PostPosted: 09 Aug 2013, 09:31
by Pinskylaw.ca
Generally, the officers of a start-up shall be designated in the corporate bylaws or by the Board of Directors according to the bylaws. Any person agreeing to become an officer of a start-up should be made aware of the responsibilities and duties that accompany the particular office. The same person may hold two or more offices. The names and addresses of the officers must be kept at the start-up's principle place of business and reported annually to the Corporations Canada, if the company is federally incorporated, and to the Companies and Personal Property Security Branch, if the company is incorporated in Ontario.

Under the Ontario Business Corporations Act (OBCA), the officers of a corporation must consist of a president and a secretary, who are elected by the Board of Directors, or as otherwise described in the bylaws. The bylaws may authorize the Board of Directors to elect other officers, assistant officers and agents. Any two or more of the offices may be held by the same person. These provisions leave considerable latitude in drafting the bylaws of the start-up to specify the offices for the start-up, which will best suit its needs. Unlike the Board of Directors of the start-up, the officers of the corporation are not vested by the statute with any significant authority to manage the business and affairs of the corporation. On the contrary, the officers are elected by the Board of Directors and may be removed by the Board of Directors. Their position is that of an agent or employee of the start-up, and they are subordinate to the Board of Directors and the bylaws of the start-up.

The OBCA imposes statutory restrictions on a start-up corporation with regard to the structure of its body of officers: first, an officer must be appointed to take and maintain minutes at the meetings of the Board of Directors; second, an officer must be selected to keep certain corporate records required by statute. The Board of Directors determines who will manage and what their duties will be, but the statute does not require that a president, treasurer, or any other officer holding a specific title be appointed.

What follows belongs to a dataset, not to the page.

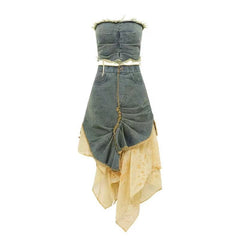 fall trends 2024 outfits [Two-Piece Set] Hot Girl Irregular Tube Top Denim + Distressed Tie-Dye Stitching Skirt Suit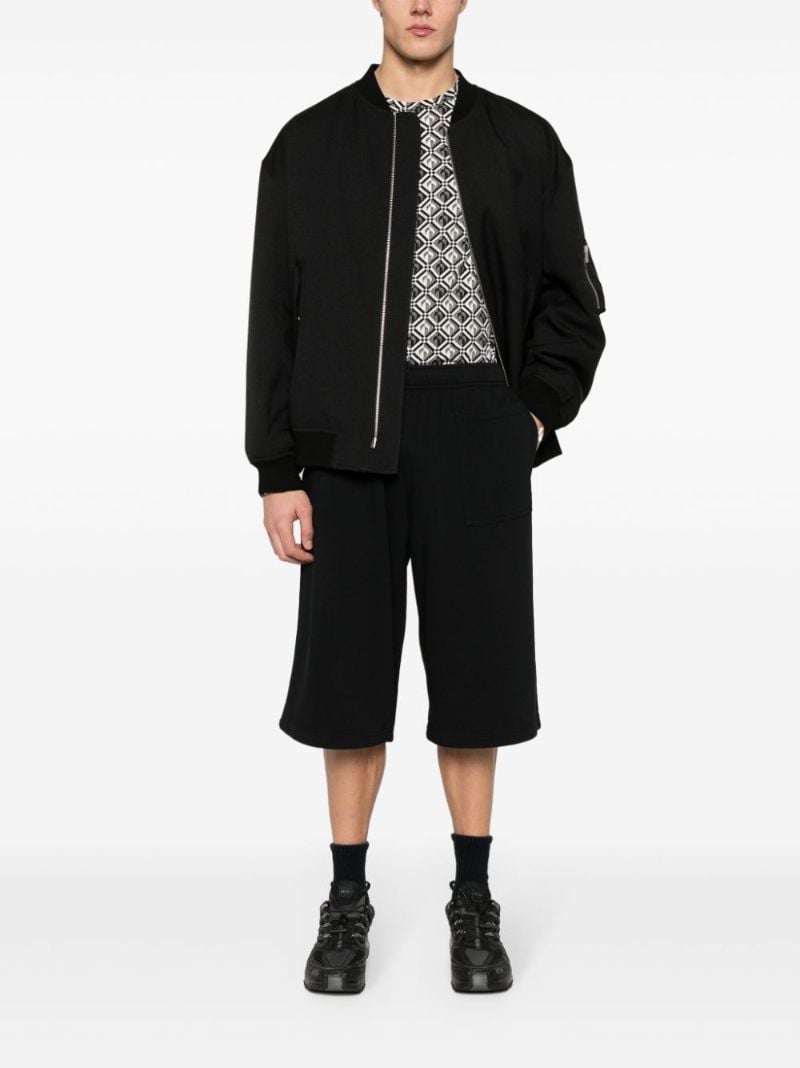 Black Wide-leg Cotton Track Shorts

The OBCA authorizes start-up corporations to elect or appoint officers, define their duties, and fix their compensation. These duties can be defined in the bylaws or may be determined by a resolution of the Board of Directors.

Each officer has authority to perform the duties set forth in the bylaws to the extent that his or her actions remain consistent with such bylaws. The duties of Ontario corporate officers are not restricted by the OBCA, rather, they can be structured in any way consistent with the bylaws of the start-up corporation and the decisions of the Board of Directors. However, in performing their duties, officers should remember that they owe a fiduciary duty to the start-up and its shareholders by virtue of their positions. The OBCA imposes upon an officer duties to act in good faith, with ordinary prudence, and in the best interests of the start-up.

The OBCA occasionally specifies in what situation an officer must or may act. For example, if share certificates are used they must be signed by one of the officers. Officers may authorize and approve issuance of shares if they are granted such authority by the Board of Directors. They may also receive proxy votes or tabulate shareholder votes. Other than this, very little guidance is given governing the officers' duties. Generally, any officer may be removed by the Board of Directors with or without cause, but such removal must be without prejudice to any contract rights.